Thankfully, the first two Dooku-centric episodes of Tales of the Jedi help to illustrate how this once proud Jedi could turn his back on the Jedi order. That's the kind of storytelling we needed. What the series is missing, though, is an episode that shows how he was sucked into the pull of Darth Sidious. He's an honorable guy that wants to do right by the citizens of the Republic but, somehow, just turning his back on the Jedi automatically makes him evil? The series needed to give us the story in between episodes three and four, because in that fourth episode Dooku is already a Sith and (reluctantly) kills another Jedi. Something is missing there to explain why and that does weaken the Dooku side of things some.
Meanwhile, in and around all that we have Ashoka. The first episode of the season focuses on our young Jedi as a little baby who, despite her age, manages to control the force (and thus can control a beast that tries to kill her). I think the series was going for shades of Grogu here, the little Yoda-like kiddo on The Mandalorian who is shown to have great control over the Force (when he wants to use it). The implication here is that powerful Jedi can use their gifts even as babies, as Grogu and Ashoka both illustrate.
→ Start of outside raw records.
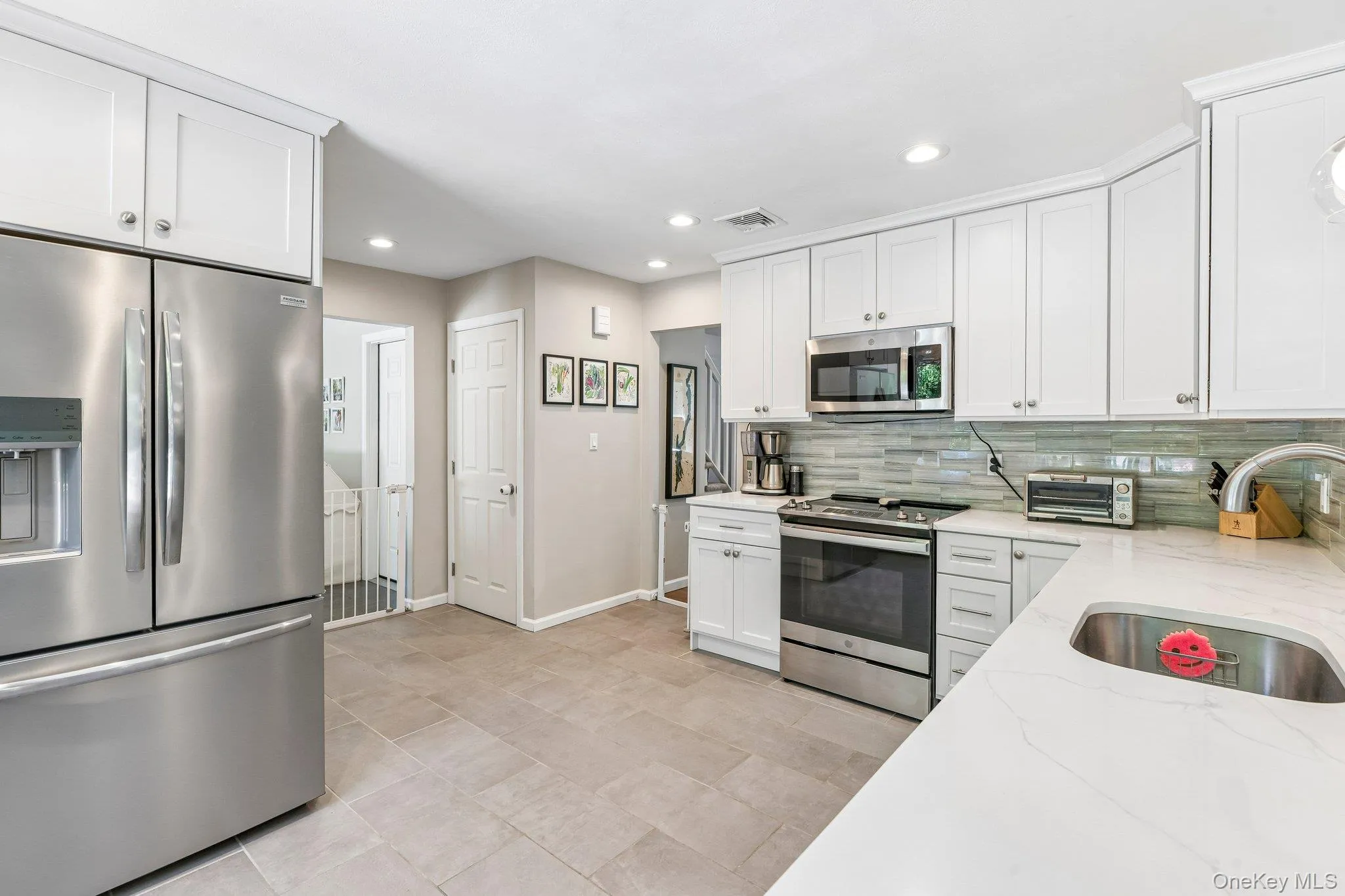 3 Walnut Place, Huntington, NY, 4 Bedrooms Bedrooms, 8 Rooms Rooms,2 BathroomsBathrooms,Residential,For Rent,Walnut,0,1008711 3 Walnut Place, Huntington, NY, 4 Bedrooms Bedrooms, 8 Rooms Rooms,2 BathroomsBathrooms,Residential,For Rent,Walnut,0,1008711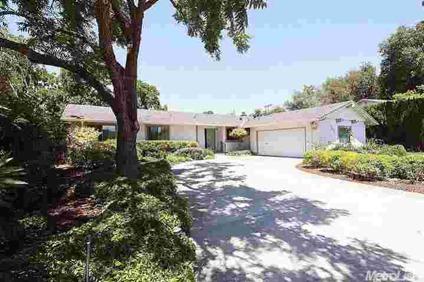 $349,000
Gorgeous 4 bedroom house for sale on a beautiful tree lines street in Carmichael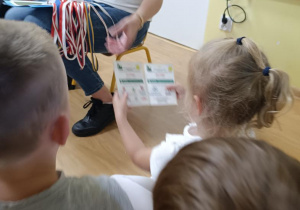 Dzieci oglądają dyplomy i medale.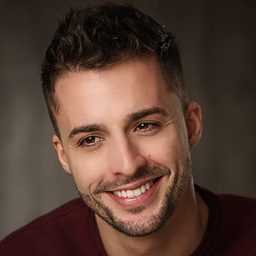 Pedro Rudolphi 飾演 Curro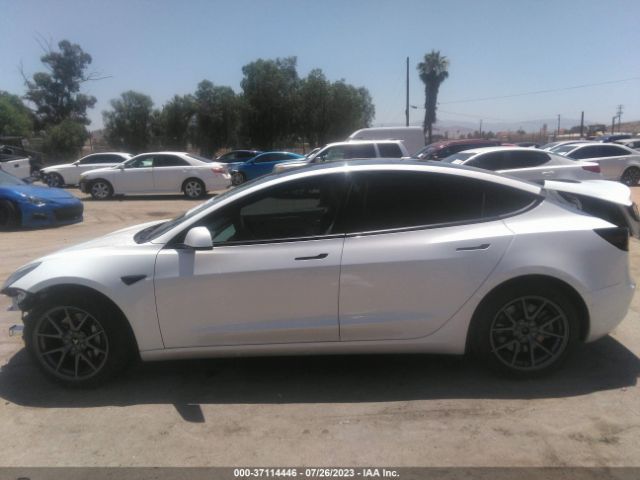 5YJ3E1EA1MF928851 Tesla Model 3 Standard Range Plus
And then we wait all the way to the fifth episode for Ashoka to arrive again. We pick up with her as an apprentice and we get probably the most affecting episode of the whole season. We see her going through her Jedi training, fighting battle bots and cleaning the floor with them. Her master, Anakin, is unimpressed, though; not because Ashoka isn't capable but because the battle droids aren't that hard to fight. So he creates a new test for her, having her fight against the whole squad of Clones that she also commands. She loses quickly at first but she trains, and trains, and over the years gets better and better. This is her training and she revels in keeping up with her men. And then Order 66 happens and suddenly that training becomes all too real as she has to really fight her own men. That gut punch right there perfectly caps the episode and, damn, does it work.
Sadly then the series ends on an episode with Ashoka out in the fields, playing at being a farm worker while she hides from the Empire. The issue with this episode is that it doesn't really tell us anything new about her as a character. We already saw her being a "normie" back in the last season of The Clone Wars so this doesn't really do anything new for her. Seeing her decide to tap into the Force and pick up her lightsabers again parallels her own story we saw before. Same deal, slightly different locale.
Now, the episode does quickly show her fighting a Sith Inquisitor and, man, does she absolutely destroy him. That part is great. But as far as being a good cap to her story (at least in this season or from The Clone Wars) this episode fails. Frankly, as much as I like Ashoka (and I think the fifth episode is fantastic) I think this whole season would have been better off ditching her episodes and giving more time over to Dooku. Watching his rise and fall would have been a very cool story to get especially since it's all material we don't know about him. We know enough about Ashoka that her stories don't really move the needle on her, but more about Dooku is absolutely required.
Due to the short length of the season (13 to 17 minute episodes, so you could do this entire season in a quick afternoon) the series doesn't overstay its welcome in any way. It's fun, and there are some great moments. I just wish the season had been giving a little more focus, and a bit more drive, to really make it interesting. It's a decent companion to The Clone Wars but it could have been so much more.